The air gets polluted. The streams get polluted. And mandated reclamation, as Sumner puts it, is frequently “half-assed” at best. The land is left battered and scarred. Mining sites and valley fills are often planted with non-native grasses, and the natural streams are replaced with gravel ditches the industry and federal officials claim are “restored.” Many sites fail to fulfill reclamation requirements, and even those that do don’t stop toxic contaminants from poisoning the creeks. As far as the impacted people go, reclamation of their health isn’t on the government’s or industry’s agendas at all.

A team of researchers from SkyTruth, Duke University, and Appalachian Voices has just published a study in PLOS One showing in detail the full extent of surface mining in the region, mostly mountaintop removal. In the past 40 years, more than 7 percent of Central Appalachia has been cleared. That’s more than 2,300 square miles, an area the size of Delaware.

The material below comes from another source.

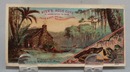 Victorian Trade Card Ayers Ague Cure 1800's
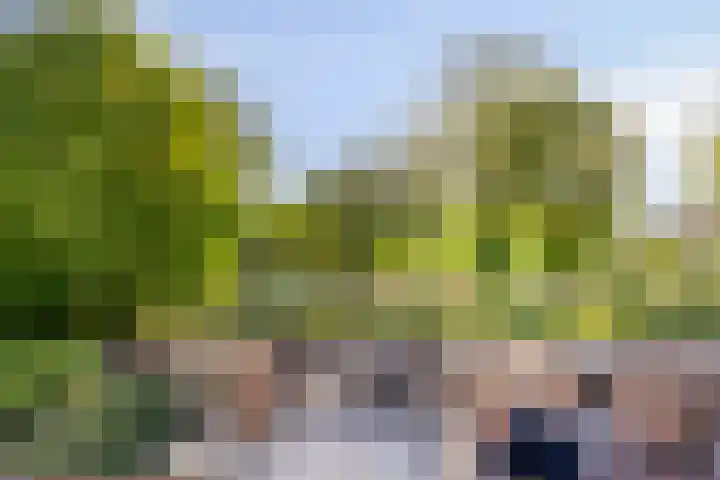 Van Bosseplantsoen 8 Dordrecht thumbnail 28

Using 10,000 Landsat images, the researchers created a timeline for active mining, providing other researchers and environmental advocates with useful data that so far has been difficult to find. They hope that data will contribute to an understanding of health and environmental impacts. That information is valuable since the Trump regime last year ended a comprehensive, federally funded, partially finished scientific study of the impacts of mountaintop removal.

Over the centuries, extracting and burning coal have been crucial elements of industrialization and modernization. Worldwide, coal generates about 40 percent of electricity. But, as climate scientists have made clear, we desperately need to accelerate a transition from fossil fuel to clean energy sources. Immediately prohibiting all mountaintop removal mining would be a good step in this direction.